Talvez tenha sido essa fatalidade a esvaziar a tradicional riqueza das campanhas presidencias francesas, com os candidatos debatendo sobre carteiras de motorista, transporte urbano e circulação de trens, como em uma simples eleição municipal. Nada de compromisso sobre as duras realidades macroeconômicas que afligem o Velho Continente, ou sobre o futuro da integração europeia, ou sobre a manutenção do que tem sido o eixo "Merkozy".

Para o virtual governo do socialista François Hollande que vem por aí, a ser apoiado no segundo turno pelas duas extremas – de conservadores a comunistas radicais, todos engajados contra as obrigações comunitárias e contra a União Europeia –, não deverá ser fácil.

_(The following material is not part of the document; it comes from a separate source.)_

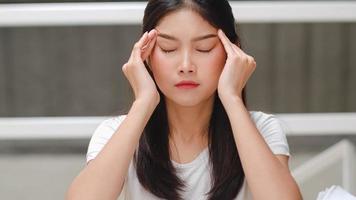 Asian student women read books in library at university. Young undergraduate girl stress tired have problem while study hard for knowledge on lecture desk at college campus concept. photo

Até a fritura de Strauss-Kahn, o candidato natural dos socialistas, pulverizado no misterioso incidente no hotel em Nova York, tudo parecia mais simples: apesar de líder da esquerda, era ao mesmo tempo o confiável patrão do FMI, coisas de nosso confuso tempo. Hoje, os franceses têm pressa em virar a página. Com um Estado obsoleto, uma economia anêmica e sem perspectivas, crescimento estagnado e índices de desemprego elevados, o país ainda se ressente da responsabilidade de ter colocado em risco a União Europeia por birra ideológica, em 2005, ao repudiar seu tratado constitucional, no que parece ter sido o começo dos atropelos que se tem verificado.

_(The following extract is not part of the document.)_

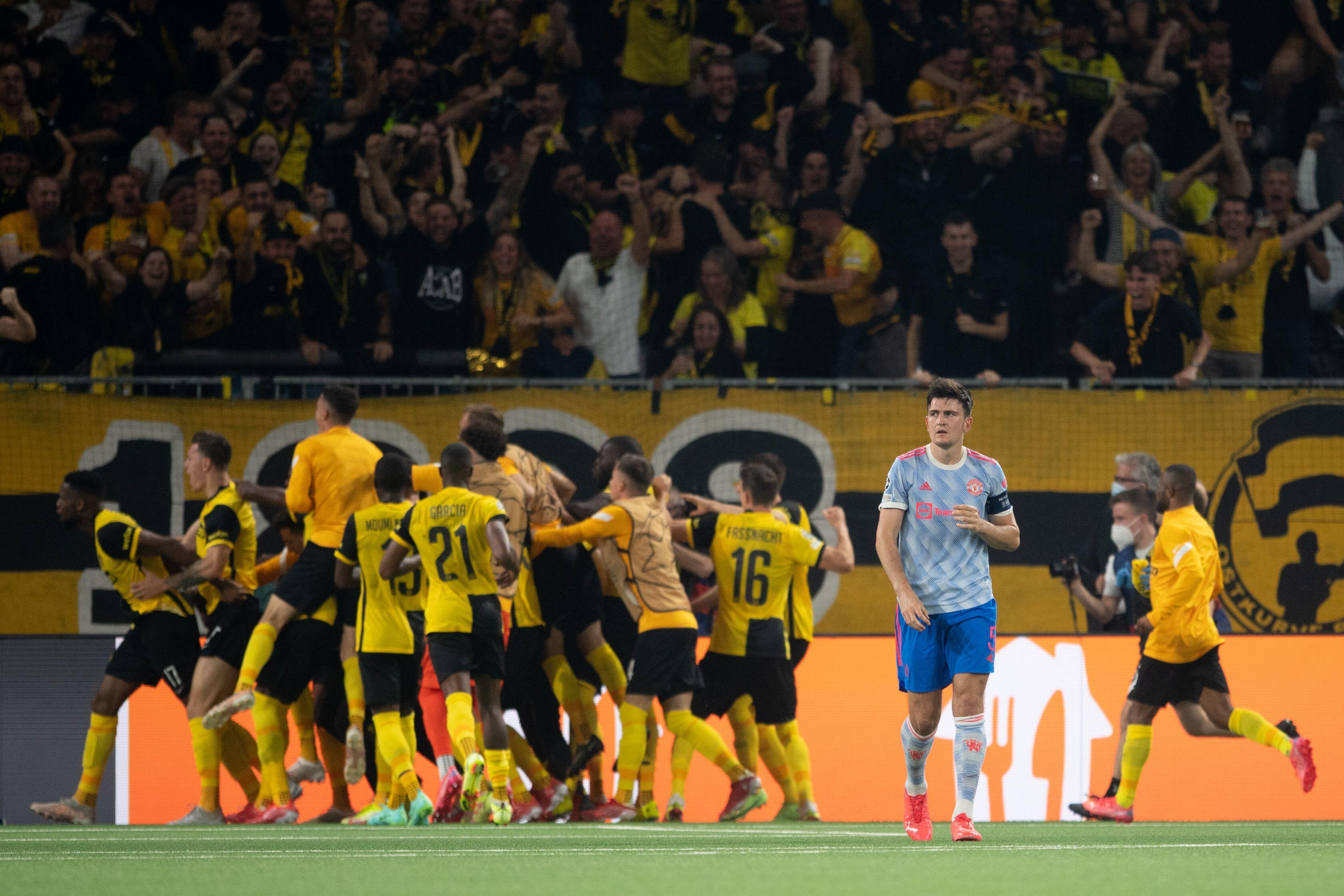 Young Boys celebrate their late winning goal against Manchester United in the 2021/22 Champions League group stage, as Harry Maguire walks away dejected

Com os candidatos majoritários Sarkozy e Hollande em igualdade técnica, será o xadrez do segundo turno a determinar o resultado final, já em 6 de maio, sem tempo para grandes alterações. As enquetes e a voz das ruas indicam vitória fácil de Hollande, substituto de Strauss-Kahn e que dele recebeu em espólio inclusive o homem forte da campanha, Manuel Walls, direto do FMI para um governo socialista que se espera anti-FMI. Afinal, o insólito e o burlesco não são raros na política francesa: em 1920, por exemplo, Paul Deschanel enlouqueceu em pleno mandato e literalmente pulou do trem em meio da noite. Não se machucou e saiu anônimo a caminhar pelos trilhos da França profunda, até que um operário de ferrovia encontrou um andarilho sujo e de pijama, que repetia sem cessar: "Je suis le président de la République Française!"

Mais recentemente, foi o palhaço Coluche quem fez tremer a Quinta República, expondo com ironia as mazelas políticas, do gaullismo gagá à esquerda caviar. Do atual certame, é certo, ficará no ar o enigma de Nafissatou Diallo, africana pobre e imigrante, que nunca esteve na França, mas tão igual àquelas que têm sido alvo fácil do comum discurso anti-imigração que monopolizou a atual campanha. Trata-se da camareira que, ao entrar na suíte 1.117 do Hotel Sofitel de Manhattan, em uma modorrenta manhã de domingo, mudaria a história das eleições francesas e, quem sabe, de todo o futuro da Europa.

Jorge Fontoura, doutor em Direito Internacional, é professor titular do Instituto Rio Branco e membro do Tribunal Permanente de Revisão do Mercosul.